### What the exercise asks
Pull out the lines from the one containing "FORD ESCAPE SE, 1FMCU9GDXKUB68802" through the final line of the listing below and repeat them exactly. Leave the pictures behind.

### Collected material
◇ ◇ ◇ ◇

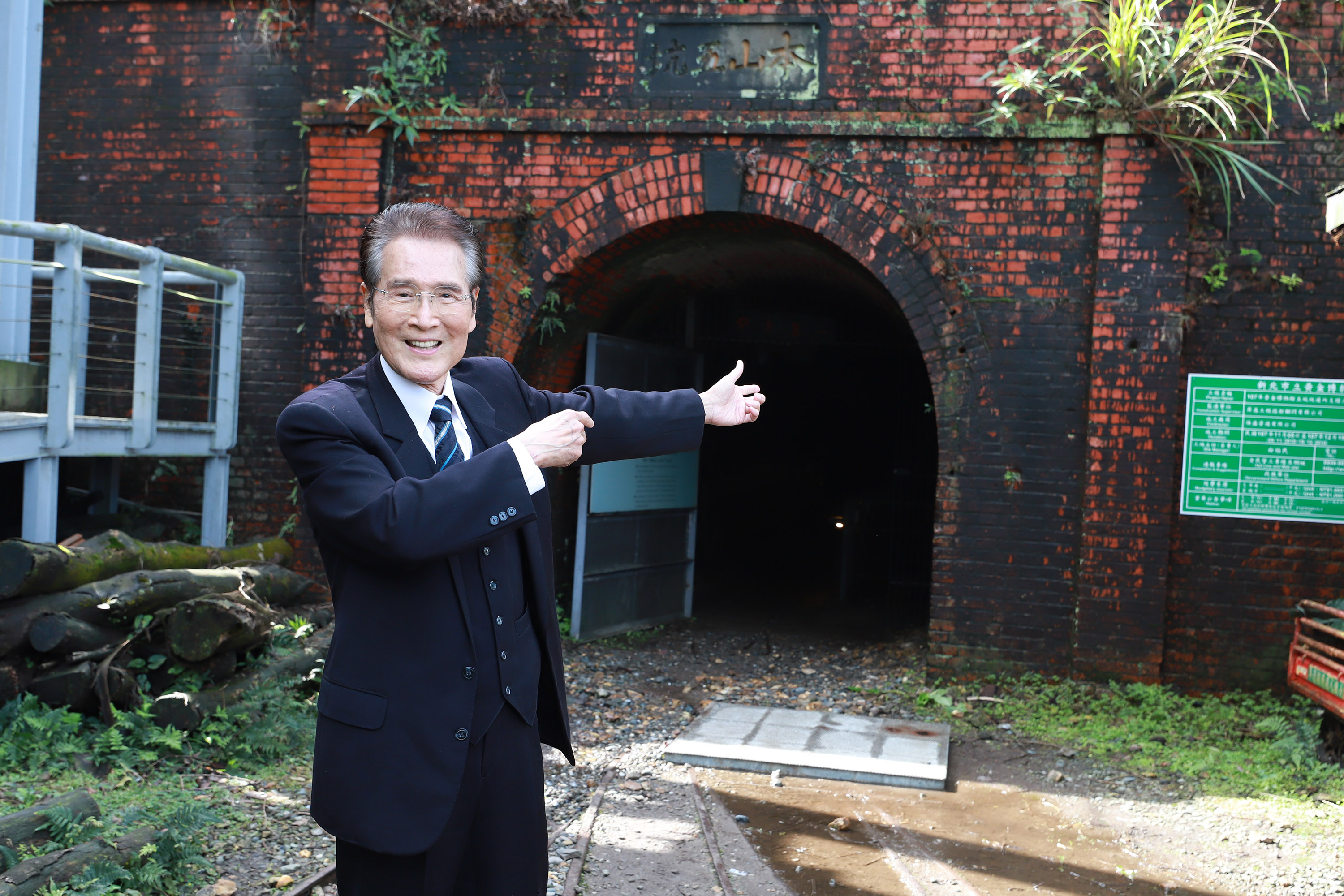 資深藝人石英展現聲優魅力，娓娓訴說礦山故事。（民視提供）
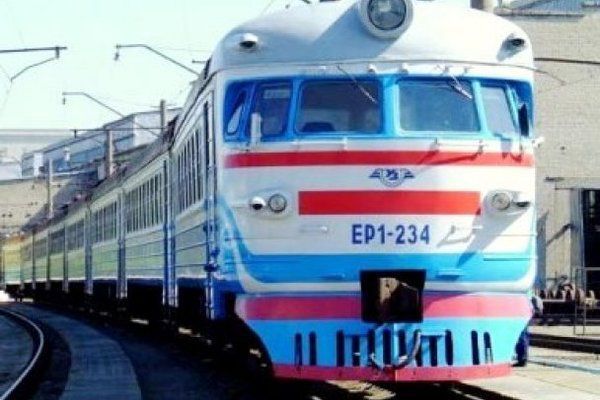 Із Харкова курсуватимуть приміські потяги у Донецьку область (графік руху)
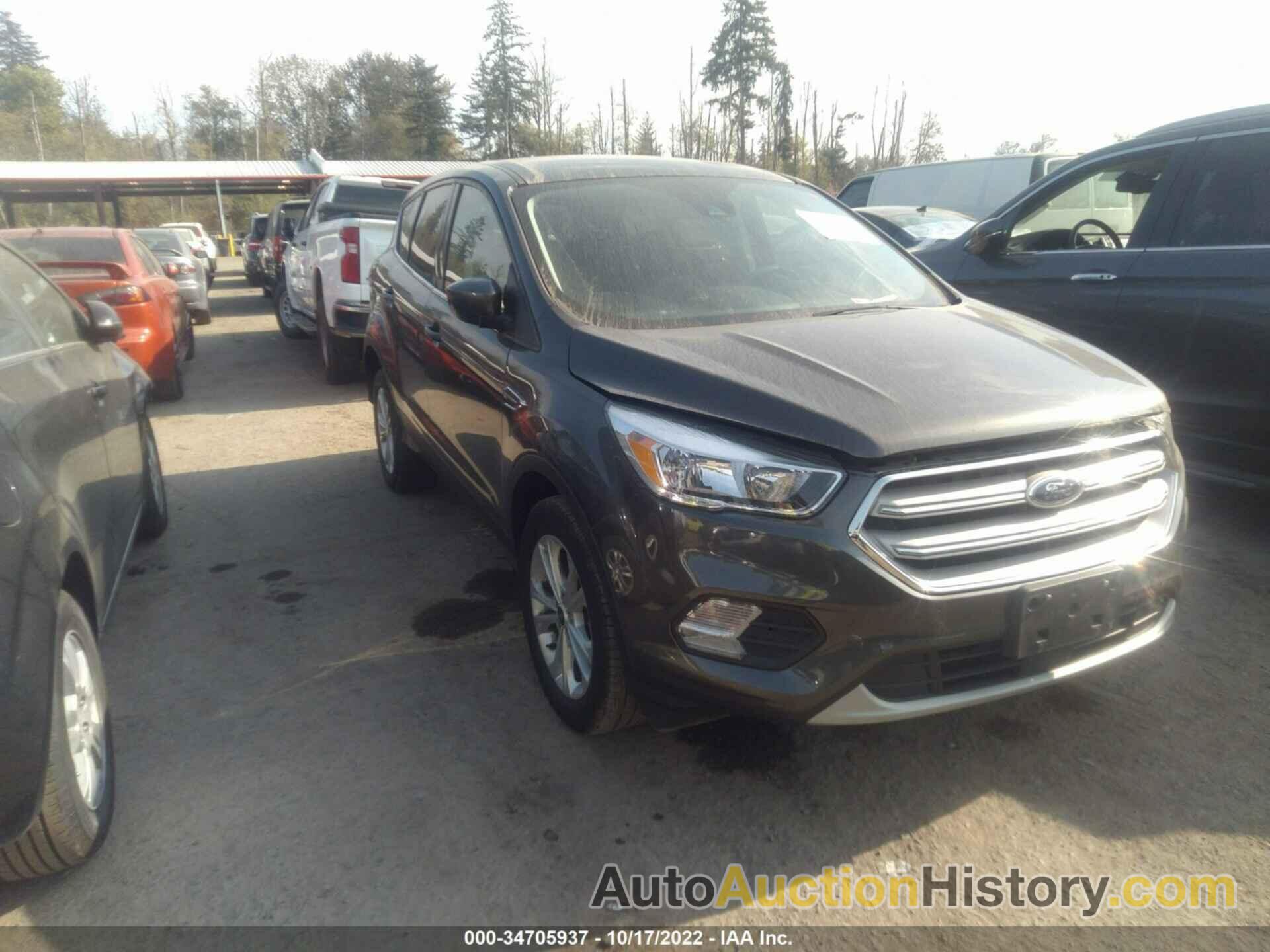 FORD ESCAPE SE, 1FMCU9GDXKUB68802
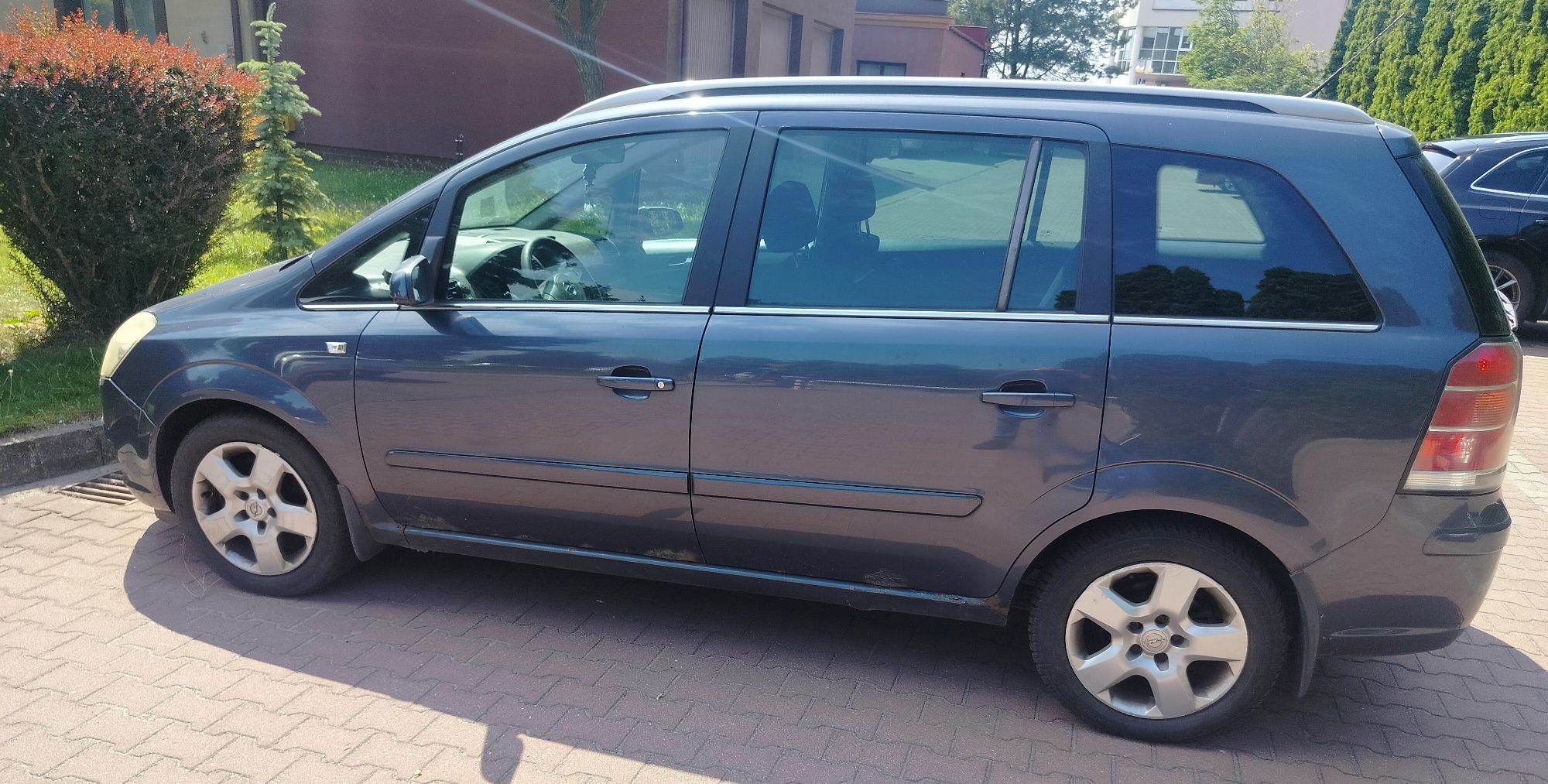 Zdjęcie prawej strony samochodu Opel Zafira koloru granatowego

◇ ◇ ◇ ◇

### The completed task
 FORD ESCAPE SE, 1FMCU9GDXKUB68802
 Zdjęcie prawej strony samochodu Opel Zafira koloru granatowego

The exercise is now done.